Berbagai suka dan duka dihadapinya dalam berkesenian. Selama hidupnya, Ery Mefri sudah 30 tahun mengadakan festival sampai sekarang. Namun, diakuinya, baru 10 tahun terakhir ini dirinya menikmati berkesenian. Semuanya dilakukan tanpa ada bantuan dari pihak manapun termasuk pemerintah.
Ery Mefri mengungkapkan, ketika mendirikan Nan Jombang Dance Company, pemerintah menilai saat itu, Nan Jombang belum pantas untuk hidup. “Pemerintah bicara seperti itu, justru menjadi kebanggaan bagi Nan Jombang. Karena tari Nan Jombang akan berkembang tanpa bantuan,” ujarnya.
Ery Mefri juga mengungkapkan, tahun 2014 silam, dirinya pernah menghadap Gubernur Sumbar, Irwan Prayitno, untuk melahirkan Kaba Festival. Saat itu, Irwan Prayitno langsung menelpon Kepala Dinas Pariwisata Sumbar waktu itu. “IP (Irwan Prayitno) menelpon kepala dinasnya. Agar segera berkomunikasi dengan saya. Dan saya diminta menemui kepada dinasnya. Sampai sekarang tidak ada tindaklanjutnya. Namun, sekarang Kaba Festival telah hadir dengan pelaksanaan yang kelima. Sekarang Kaba Festival hadir didukung lima negara,” ungkapnya.
Pada kesempatan itu, Ery Mefri juga melontarkan kritik pedasnya kepada pemerintah. Pemerintah menurutnya, membangun badan kesenian guna menghancurkan kesenian. Hadirnya UU No 5 tahun 2017 justru akan merusak kesenian itu sendiri. “Jangan campuri kesenian jika tidak ingin merusak,” tegasnya.
Ery Mefri juga mengkritik pelaksanaan iven Silek Art Festival tahun ini. Iven ini menurutnya diadakan hanya memecahbelahkan seniman. “Akan banyak orang parang ladiang dampak dari Silek Art Festival ini,” tegasnya.
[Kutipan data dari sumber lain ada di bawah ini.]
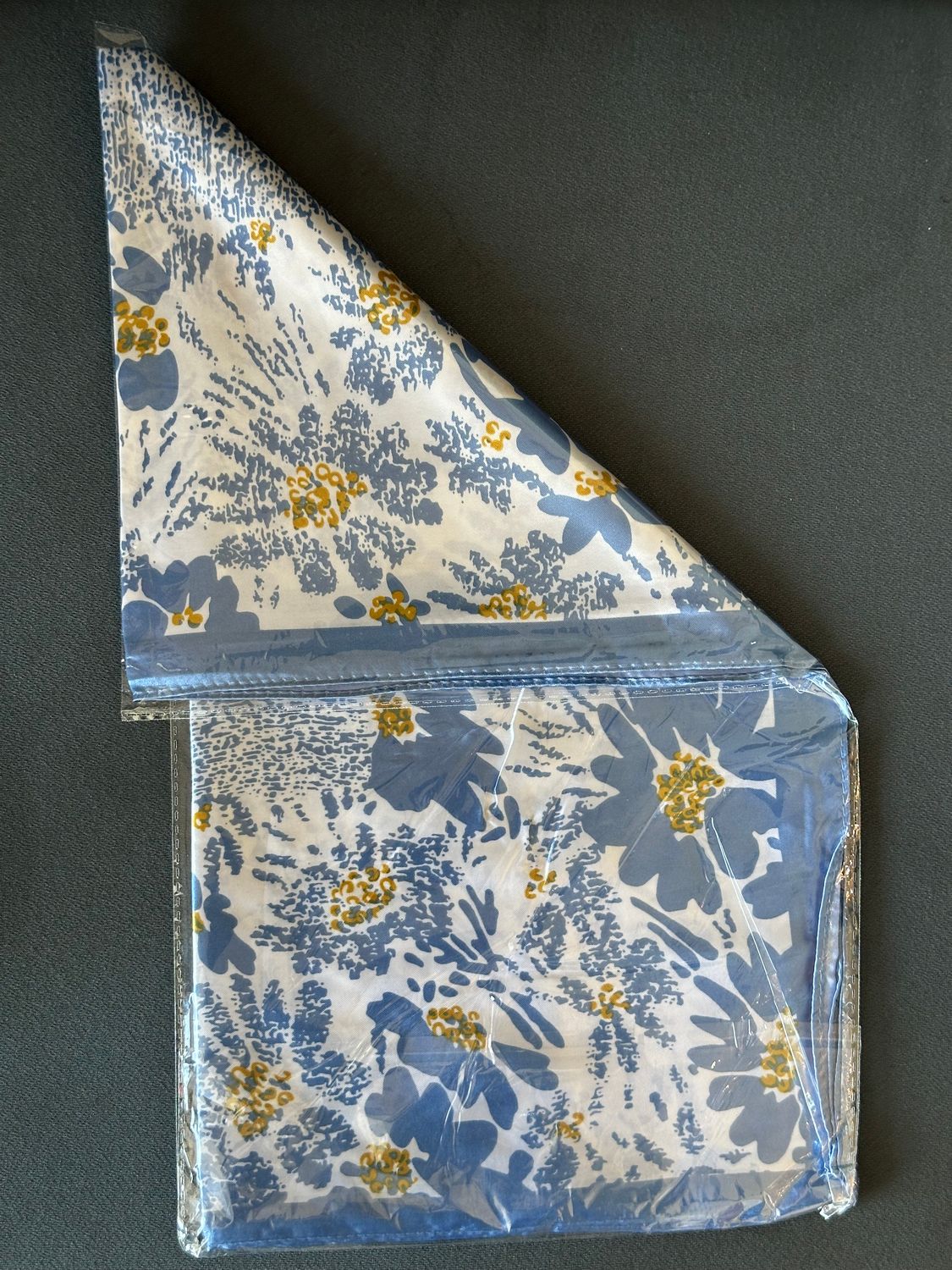 Vintage Scarf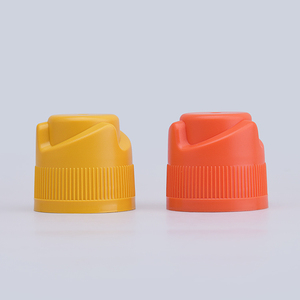 Tapa de Rosca Antiderrames de 30*32mm para Bebidas en Polvo, Té, Agua, Jugos, Vitaminas en Polvo, Grado Alimenticio, Venta al Por Mayor - Product Image 3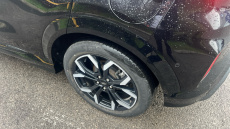 Ford Puma 1.0 EcoBoost Hybrid mHEV ST-Line X First Ed 5dr Petrol Hatchback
Ery Mefri juga mengajak pelaku kesenian agar berkesenian dengan jujur. Sehingga kesenian itu bisa dinikmati, dan bisa menjadi pemersatu bangsa.
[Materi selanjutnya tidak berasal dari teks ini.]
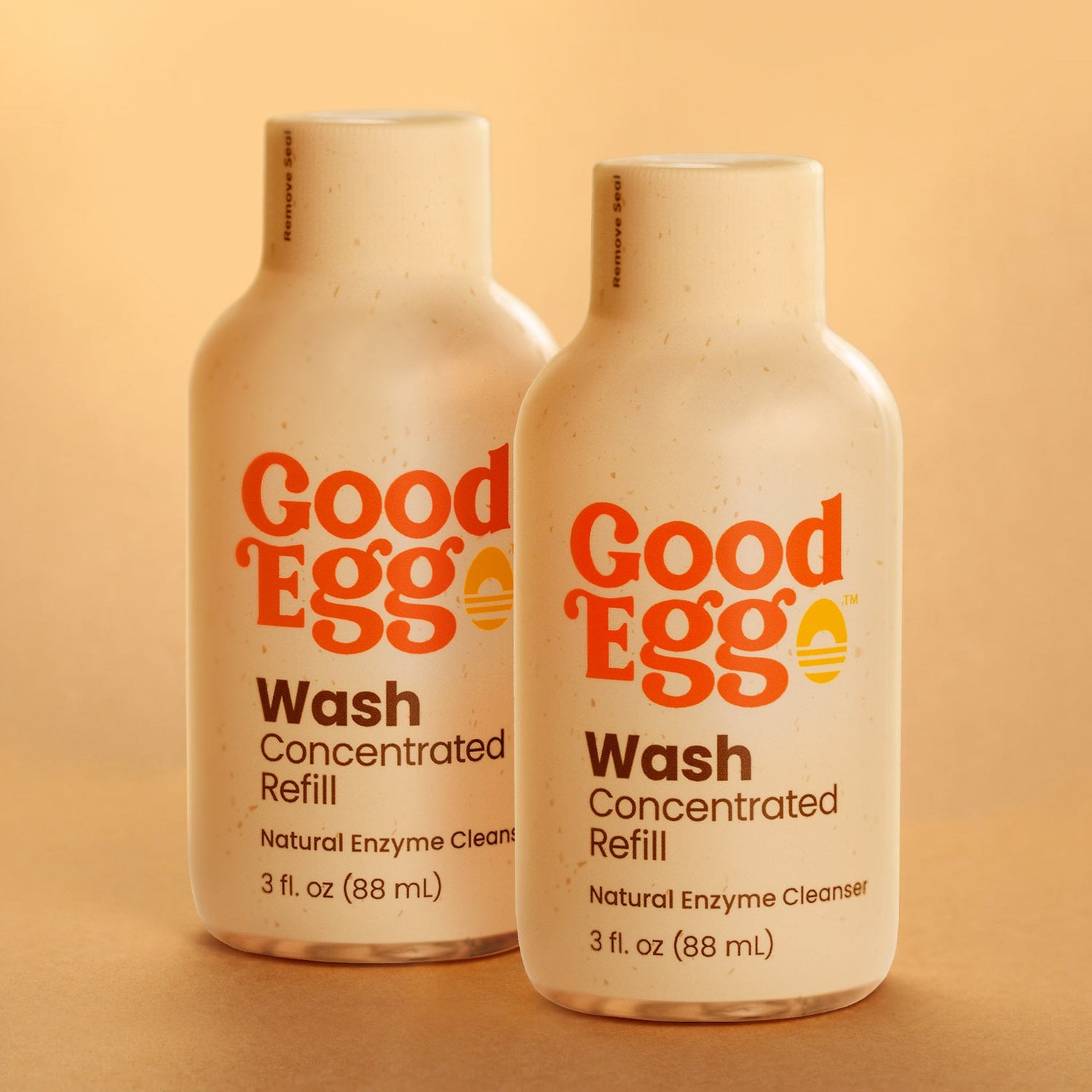 GoodEgg Wash Concentrate refill.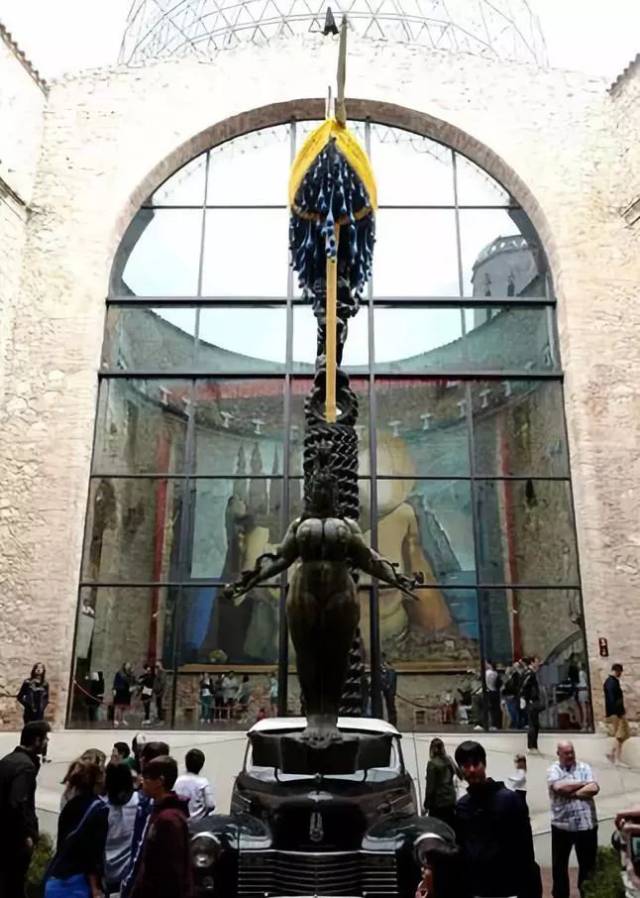 研学之旅 | 西班牙巴塞罗那15日艺术研学旅行(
Kepala Taman Budaya Sumbar, Muasri mengatakan, Ery Mefri mengekploitasi seni tradisi dan memberikan suatu karya kepada seniman. Selama Ery Mefri berkarya, dirinya selalu memberikan masukan dan kritik terhadap karyanya.
Muasri menyontohkan, ketika dirinya mengkritik pertunjukan tari Nan Jombang waktu di Kota Padangpanjang. “Karena penari menampakkan aurat saat melompat waktu itu. Saya sampaikan, orang bertepuk tangan. Bukan karena hebat karyanya, tetapi kelucuan karya. Setiap yang saya ucapkan selalu didengarkan Ery,” ujarnya.
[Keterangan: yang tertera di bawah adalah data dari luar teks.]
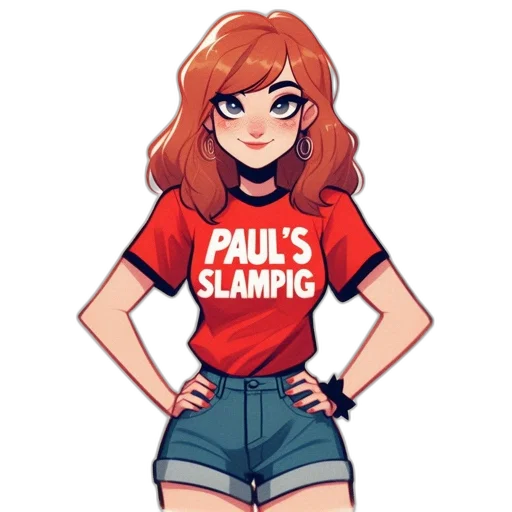 dress, jacket, face, pixel art transparent PNG cut-out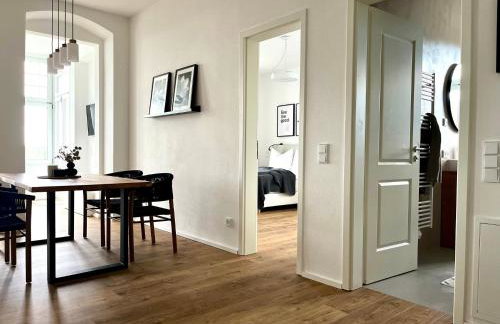 Wohlfühl-Apartment Elbtal - Foto 5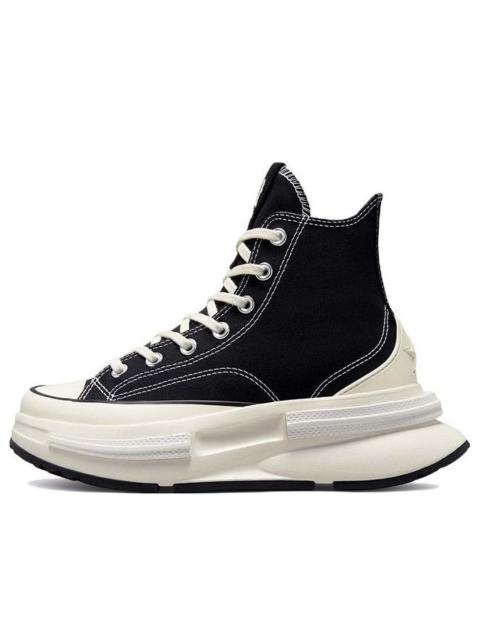 Converse Converse Run Star Legacy CX High 'Black' A00869C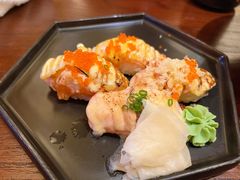 -鸟鹏烧鸟居酒屋(昌岗店)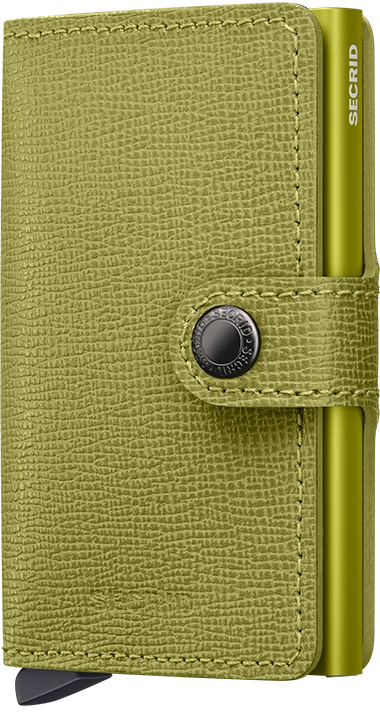 Miniwallet Crisple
Muasri mengakui masih banyak lagi masukan-masukan yang disampaikannya kepada Ery Nefri dan selalu didengar oleh Ery Mefri. Muasri juga mengucapkan selamat atas usia 60 tahun Ery Mefri, 35 tahun usia Nan Jombang Dance Company dan 30 tahun Ery Mefri sebagai penggagas dan penyelenggara festival.
Kaba Festival merupakan kegiatan tahunan Nan Jombang Group. Iven ini bekerja sama dengan Silek Arts Festival, Dinas Kebudayaan Provinsi Sumbar, Kementerian Pendidikan dan Kebudayaan RI, dan Indonesiana. Iven ini juga didukung oleh Bakti Budaya Djarum Foundation, Badan Ekonomi Kreatif Indonesia.
Kaba Festival 2018 resmi dibuka malam itu. Pembukaan ditandai dengan pemukulan gendang oleh Ery Mefri selaku Pimpinan Nan Jombang Group dan Komunitas Galombang Minangkabau, Angga Djamar (Direktur Kaba Festival), Legowo Kusumonegoro (Pembina Widyiarini Nan Jombang Jakarta).
Diawal pembukaannya, diisi dengan pemutaran film Dirantau Tuhan Berbisik, karya sineas muda, Ahmed Kamil, produksi ARKJP Film. Film ini bercerita tentang karya tari “Rantau Berbisik”, karya Ery Mefri. Kemudian juga ada pemutaran film karya Su-en/Amit Sen, dengan judul “Visiting Project/Modus Mobile”.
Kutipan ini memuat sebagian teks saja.